By 2006 he had established Sea of Pain Fine Art Productions and broadened his interests to playing card design and pastels, as well as continuing his works in graphite, always the primary passion.
Aug 2011
He writes regular drawing articles for "Artists- Back to Basics" magazine and conducts drawing classes and workshops but the main interest above all else is still producing fine art originals which will be the main focus for 2011 and beyond.

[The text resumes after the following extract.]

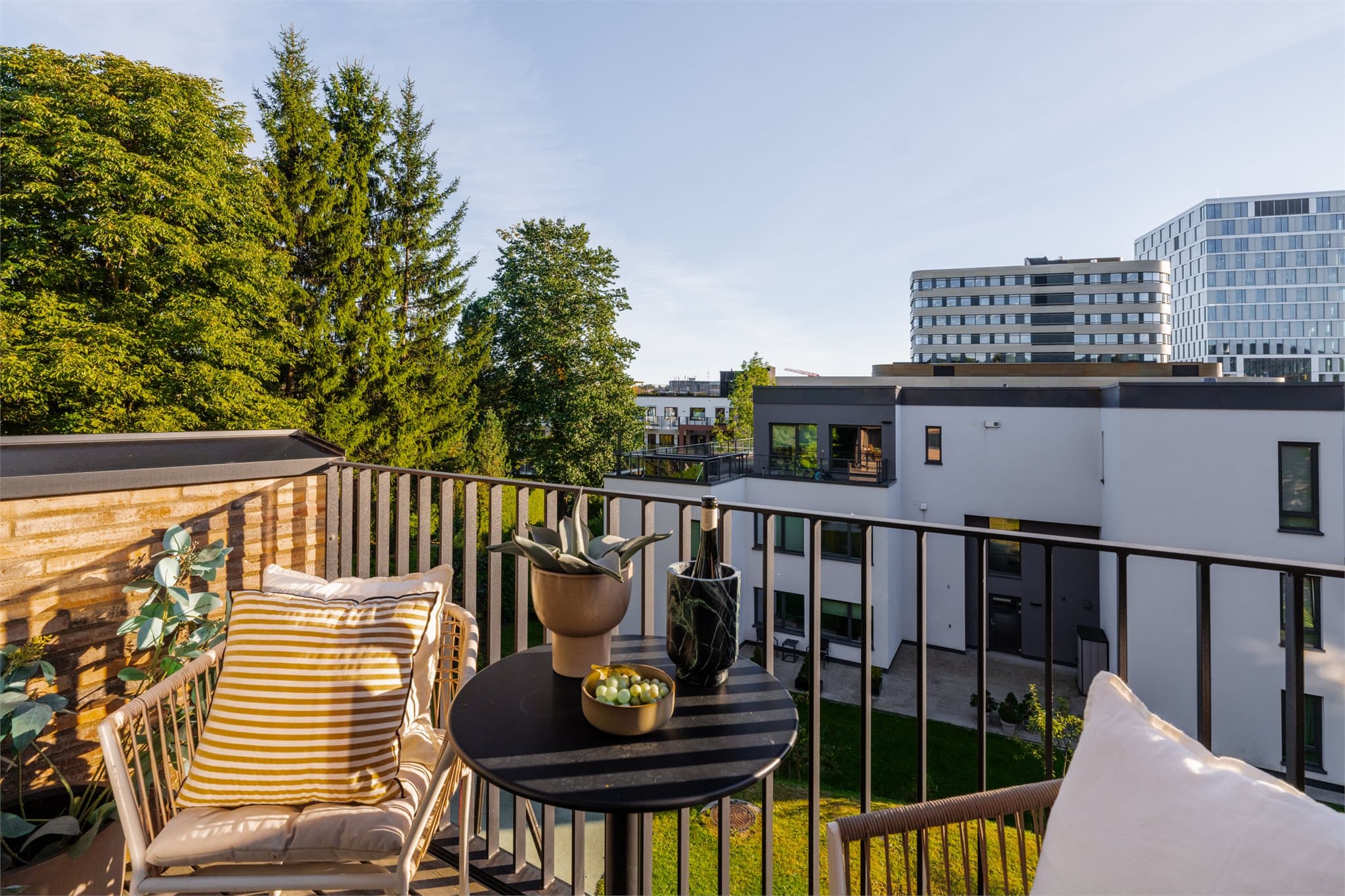 Ekslusivt boligsameie med kun 15 parkleiligheter i en tilbaketrukket beliggenhet omgitt av frodige omgivelser.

"The playing cards took years of constant attention, I'm glad I started and finished that job, although he deck is already undergoing development so it will probably never really be completely finished. My main purpose now is to return to the graphite and pastels with full intent and attention and pick up the threads of a lot of half-finished and not-started projects in the studio which the card designing necessarily led me away from for so long".
April 2016
looks like this section needed an update like all the rest. Since the whole Sea of Pain thing has started I really have been just hammering the dream harder and harder, nothing like hard won experience to help you hit desperate marks and I've needed every tiny bit over the last few years living far past my own best ability level for such a protracted period. It's all blown out to such a degree that it rules every waking moment and leaves me with an ever worsening conundrum on where I actually or exactly fit in amongst all this. It seems I've gone from wanting to be an artist to being an artist to what comes after that. What I mean is there is necessarily a certain insane level of high pressure effort to get far and fast enough to actually be recognised as an artist, by both others and yourself which either works or not (spiritually and/or financially). If it does then you are an artist (in all heads including your own) and are then faced with more crossroads. For the last ten years I have been smashing it like the truly obsessed and can only be happy with the results.
I am starting to see the end of one of those 7 year eras coming though. 2003 was when I finally went altogether awol on the rest of humanity and started the 24/7 psycho ride with the art, the end of the first era was my 2nd solo exhibition in 2010, the 2nd one will be this coming 3rd solo at the end of this year. I think after that I am entering the next era of concentrating much more on my art as a well established practicing artist rather than be hammering so relentless on the art shows, magazines and workshops, not to mention the playing cards. Hmm, words are easy to write but I am also planning on writing a book, and while I keep filling classes I'll keep doing the workshops. And the brand new Jones Playing Cards are already being mercilessly tossed around in the head in regards to the next deck design evolution. So I suppose it really doesn't matter in any meaningful way what the hell I write here, I'm waaaay too far out now to ever find my way back and the only other way is forward. So I continue. Watch this space, anything could happen now.